At 0850 hours on March 22, following an artillery preparation, the Army's right-flank forces began their offensive. The German forces put up stubborn resistance with fire and counterattacks by small groups of infantry and tanks. On the first day the Soviet forces advanced no more than 8 km. The next day elements of the 8th and 17th Panzer Divisions were committed, considerably reducing the Soviet advantage in armor. A total of 11 counterattacks were launched, each by up to a battalion of infantry and up to 15 tanks or self-propelled guns. The intensity of these counterstrokes held 15th Corps in check, even with its entire strength committed, and this continued into March 24. By this time the defense had been penetrated to a maximum depth of 15 km and Leobschutz had been taken.

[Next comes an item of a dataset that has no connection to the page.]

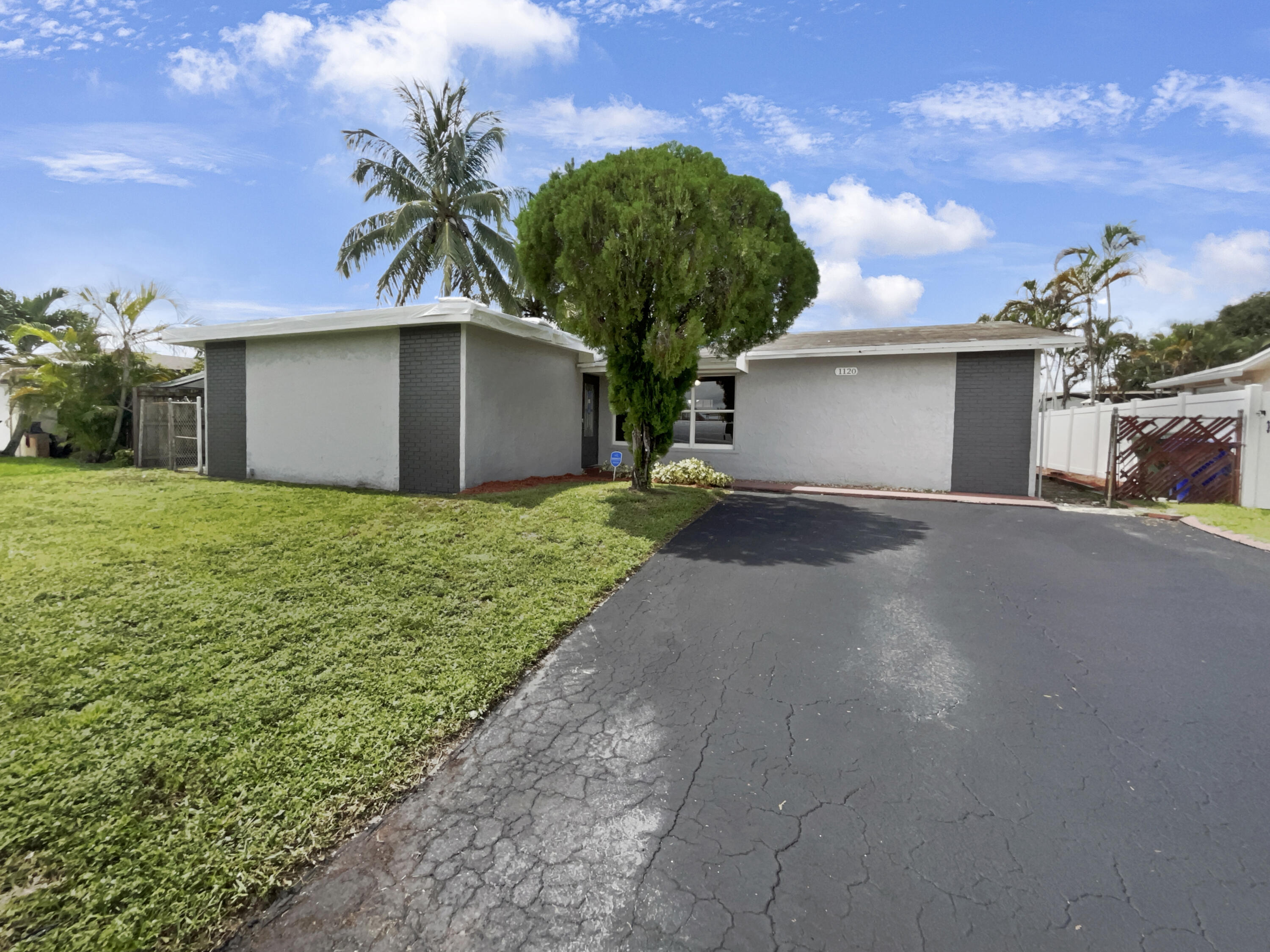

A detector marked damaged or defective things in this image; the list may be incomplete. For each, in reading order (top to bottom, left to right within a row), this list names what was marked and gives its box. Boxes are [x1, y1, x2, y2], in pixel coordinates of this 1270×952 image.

Examining the situation, Konev considered that the 60th Army was not capable of carrying out its task alone, and decided to commit the 10th Guards Tank Corps of 4th Guards Tank Army, which was no longer needed in support of 21st Army. The joint offensive began on March 25 but still failed to be decisive, in part because 10th Guards Tanks was considerably understrength, and the German forces held advantageous terrain. Stubborn fighting continued through March 31, with heavy casualties on both sides. Meanwhile, on March 24 the 38th Army of 4th Ukrainian Front began attacking in the direction of Moravian Ostrava, and within days had advanced to a point where the German Ratibor grouping was faced with encirclement. The 106th Rifle Corps entered the attack on March 26 and soon captured Rybnik. In preparation for the storming of Ratibor the Red Air Force launched massed bomber strikes amounting to about 2,000 sorties during March 29–30. In addition, the 25th Breakthrough Artillery Division was moved in to supplement the 17th Division. Early on the morning of March 31 all the artillery in the area opened fire on the German forces, which were defending the outskirts of the town. Following this preparation the 15th and part of 106th Corps began the decisive attack and by 1000 hours Ratibor was cleared. By April 1 the 60th and 4th Guards Tank Armies had reached the line BleichwitzSteuberwitzBerendorf where they halted and consolidated.

== Postwar ==
In late April the entire 60th Army was transferred to 4th Ukrainian Front for the final campaign against the German forces around Prague, and the 246th returned to 28th Corps. On May 28 the 915th Rifle Regiment was awarded the Order of Suvorov, 3rd Degree, for its part in the liberation of Opava on April 22. According to STAVKA Order No. 11097 of May 29, 1945, parts 5 and 8, the 60th Army was to be transferred to the Northern Group of Forces in Poland, and the 246th is listed as one of the rifle divisions to be "disbanded in place". It was disbanded in accordance with the directive in July 1945.